It seems almost indecent to suggest that opera could be a battleground between vested interests but in early 18th century London this is exactly what happened. After the successful importation of Italian opera sung in Italian by Italian singers in the first decade of the century, London became an active centre for this style of opera which was famous and popular across Europe.
One of the earliest participants in this marketplace was Handel - himself an import with much Italian experience - and after establishing himself as a freelance opera composer from 1710, he was appointed - in 1720 - as one of the house composers for a joint stock company called the Royal Academy of Music. This put Italian opera onto a sound financial and artistic footing and over eight seasons Handel provided fourteen new operas for the company.

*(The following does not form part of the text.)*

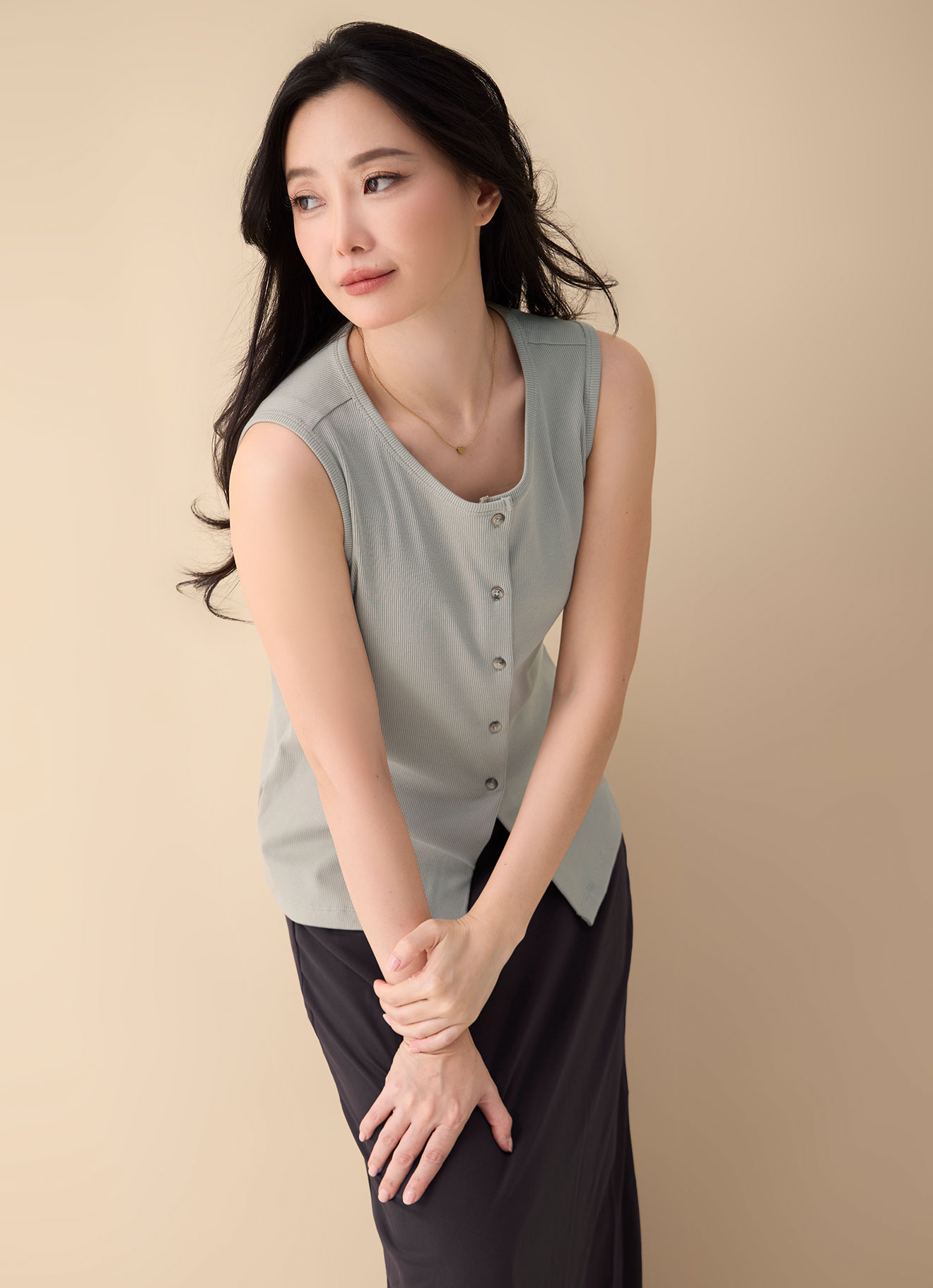 Tea by Sleeveless Top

This article, the third in a series of four surveying Handel's London operas, picks up the story in 1729 with the end of the Academy's operations. Although it didn't formally fold, the Academy voted in January 1729 to cease its activities and to allow Handel and John James Heidegger to use its scenery, costumes and props for five years.
Heidegger was Swiss, born Johann Jacob Heidegger, and nearly 20 years older than Handel. He'd had a chequered career but soon showed an aptitude for theatrical management. Now he and Handel proceeded to pick up where the Academy left off, still at the King's Theatre, but they were largely on their own. Heidegger looked after the stage, Handel did almost everything else.
The three star singers who featured in our last instalment - the castrato Senesino and the "rival queens" Cuzzoni and Faustina - were too expensive to be involved in the new venture. In February 1729, less than a month after the Academy ceased operation, Handel left for Italy to find an entirely new cast. In Venice he tried to engage Farinelli, the most famous castrato in the world, but he refused to meet with Handel at all and publicly expressed his unwillingness to go to England.
By the time he returned to London at the end of June, Handel had a new cast. There were two established stars, the alto castrato Antonio Bernacchi and the female contralto Antonia Merighi. The soprano Anna Maria Strada del Pò was also in the company, not yet a star but someone in whom Handel saw great potential. Annibale Pio Fabri, a tenor, had an excellent reputation, and Francesca Bertolli was a female contralto who specialised in singing male roles. The cast was rounded out with a German bass, Johann Gottfried Riemenschneider.
Handel's first new opera for the new venture (among revivals and pasticcios) was Lotario. This had its first performance on 2 December 1729. The score was designed to impress, full of stunning showpieces, but the public didn't take to it. It wasn't performed again for another 245 years. This is its beautiful overture. [listen]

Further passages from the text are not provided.